| Today's flexible rockfall protection barriers have reached a development stage above which a much greater effort is required to extend their rockfall retaining capacity. The corresponding numerical simulation enables a more efficient development or optimisation of new types due to a reduced number of expensive prototype field tests. In addition, the use of software provides the possibility to simulate projected barriers considering special load cases, which cannot be reproduced in field tests, as well as special geometrical boundary conditions for individual sceneries.
This contribution gives an overview on existing approaches to numerically simulate flexible rockfall protection systems. It shows typical numerical problems that have to be solved in order to obtain proper results and possible solution strategies.
Usually, the investigated barriers consist of steel posts to which supporting and restraining cables are connected. Special energy absorbing brake elements are integrated into the cables. The rock is caught by steel nets spanned by the supporting cables. Such a flexible system stops a rock gently within a long braking distance of several meters, which results in a considerable peak-load reduction of all barrier components and the foundation.
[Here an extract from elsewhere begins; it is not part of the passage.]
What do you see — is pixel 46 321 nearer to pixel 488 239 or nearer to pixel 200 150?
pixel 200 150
The large deformations causing geometrical non-linearity and the short-time simulation period recommend explicit finite element solving strategies like the central differences method. This provides a detailed view at the system’s dynamic response accounting for large deformations and non-linear materials. It also can deliver information on the loading and degree of utilisation of any modelled system configuration. Special rope elements are necessary to move freely along the post ends as well as to enable kind of a curtain effect of the nets attached to the cables. The simulation of the falling rock should consider large three-dimensional displacements and rotations. When impacting the steel net at any location, a special contact algorithm prevents the net nodes from penetrating into the rock allowing only tangential movements. All sliding effects occur over long distances and also cause friction between the involved components.
The results of the simulations should be validated by full-scale rockfall field tests measuring the cable and support forces as well as accelerations and trajectory of the falling rock. |